Respiratory disorders, such as chronic obstructive pulmonary disease (COPD), have a high global burden of disease. Patients are predisposed to repeated bacterial lung infections, causing exacerbations and accelerating lung function decline. The emergence of antimicrobial resistance to existing antimicrobials, means infections are increasingly difficult to treat or have become ineffective entirely, highlighting an unmet clinical need for novel therapies. Animal models have been instructive in studying disease mechanisms and support pre-clinical efficacy evaluation of novel antimicrobials using biomarkers of inflammation, microbiology, and lung function.
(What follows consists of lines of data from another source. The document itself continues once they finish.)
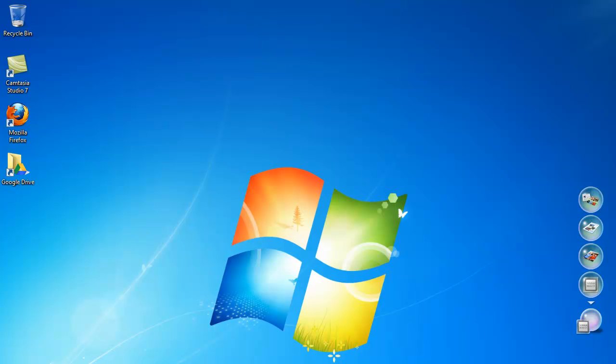Today we will do some everyday home networking. What we want to do is remotely connect to our Linux computer from our Windows computer. We could do this in many different ways, but today we will concentrate on connecting to our Linux terminal and not the graphical user interface. The Windows computer we are using is Windows 7 and the Linux computer is using Ubuntu version 12.10.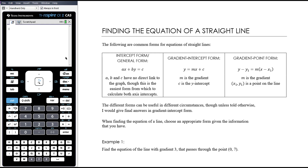In this video we are looking at finding the equation of a straight line. This is something that you will do frequently throughout the Maths and Methods course — not necessarily within a linear coordinate geometry topic, but as part of lots of other things. The following are common forms for equations of a straight line.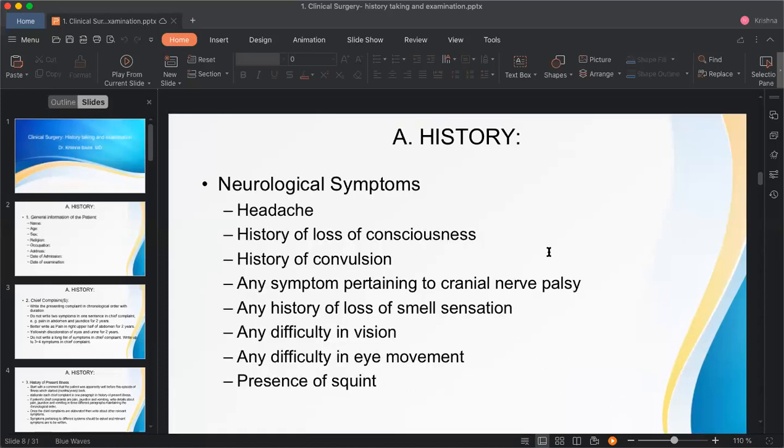Even if the patient has not presented with a neurological problem, we should still ask a few neurological questions — not all, just a few key ones. Ask about headache, loss of consciousness, and convulsion. Convulsion is a motor type of seizure.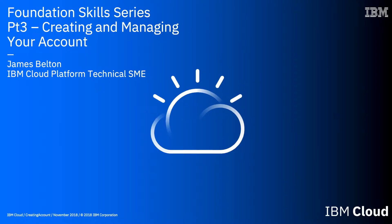Hello and welcome to this video in the IBM Cloud Foundation Skills Series. This video is actually going to be a lab and in it I'm going to show you how to create an IBM Cloud account.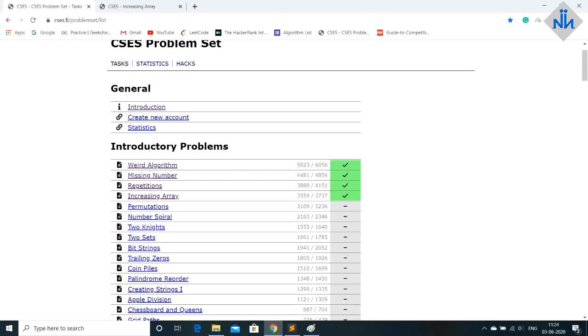Hello everyone and welcome back to Nerdsnaka. In today's video we're gonna do increasing array.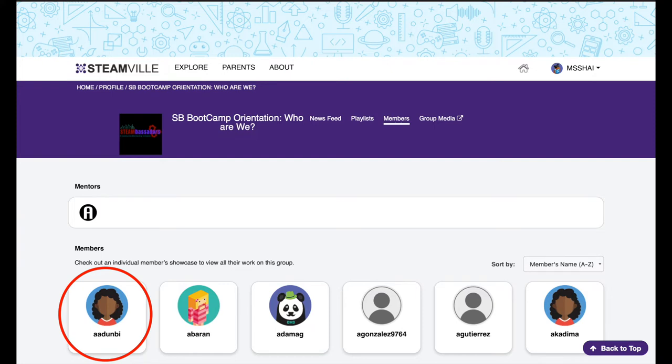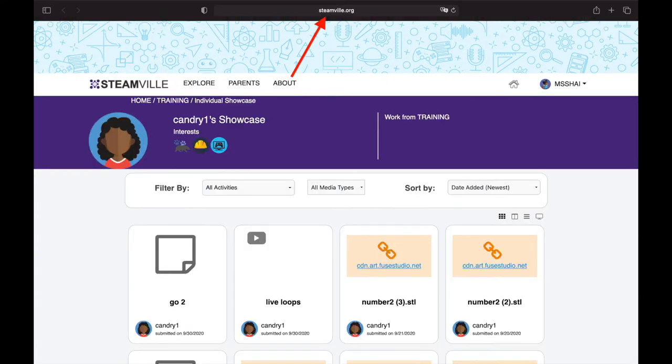Once you are at your personal showcase, copy the link in the URL above. This link will be unique to you and the work you have submitted to this group. Things that are visible here will also be visible to anyone you share this link with.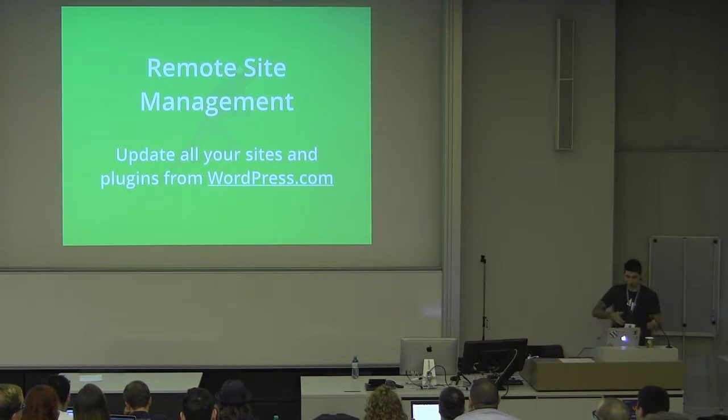You can also manage your sites remotely. If you go into WordPress.com, you can see all of the sites that you have connected through Jetpack and what plugins are active. You can manage the active state, so you can disable and activate plugins there. Soon, you'll also be able to manage your modules. This is something that gets better every day, and you should really check it out.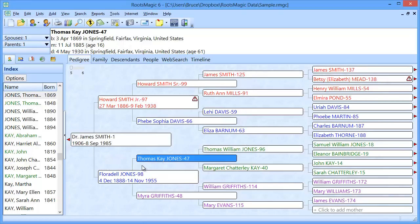Welcome. In this short video, we're going to show you how to search for multiple RootsMagic files. Now, this can be useful.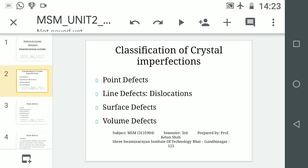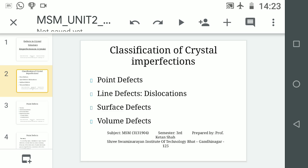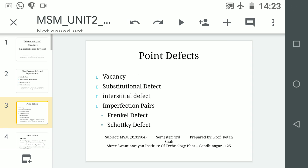Now we will see the different types of point defects. In point defects there are: vacancy, substitutional defect, interstitial defect, and imperfection pairs — we can say Frenkel defects and Schottky defects.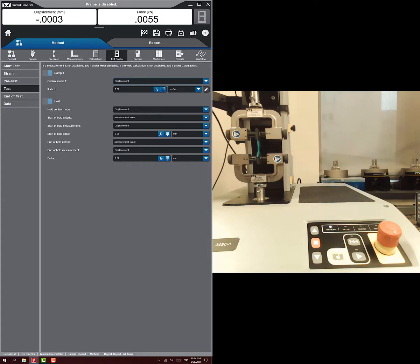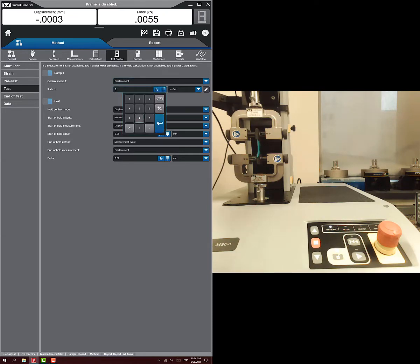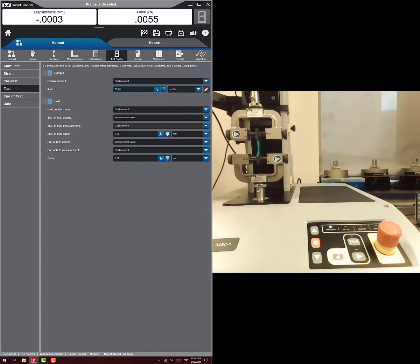That's what you're going to do with a stress relaxation test. You're going to ramp to some amount of displacement, and then you're going to hold it there and watch what happens to the force. So my control is going to be displacement again. Just like last time, we used 25 millimeters per minute for this rubber glove. That seemed to work, so I'll stick with that.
However, whilst these biomarkers (eg. FEV1 and inflammation) correlate well with human patients, they show a poorer correlation with overall clinical outcome impacting clinical translatability.
This project aims to develop more clinically translatable in vivo animal models by incorporating novel biomarkers to screen novel antimicrobials. We hypothesise these models would more sensitively evaluate drug effects and translate better to patient outcome. Our physiology team have developed a novel lung physiology biomarker called “Symmetric Project Attractor Reconstruction” (SPAR) that replots respiratory flow waveforms from resting breathing, quantifying their shape and variability. SPAR metrics more sensitively classified early lung function deterioration and inflammation, when compared to routine metrics, in animal models of respiratory disease also correlating with data from COPD patients, accessed through our NHS partners.
We are also developing novel compounds (including pleurocidin analogues) which have shown promising antimicrobial effects in vitro and in vivo. The new biomarkers will be integrated into clinically relevant respiratory infection models and used to screen both existing and novel antimicrobial agents. We predict a combination of biomarkers will more sensitively quantify lung-function deterioration following infection, and rate of recovery following treatment. We aim to identify signatures which we aim to cross validate in retrospective patient data. This is a pre-clinical drug development project aiming to advance these drugs into clinical trials.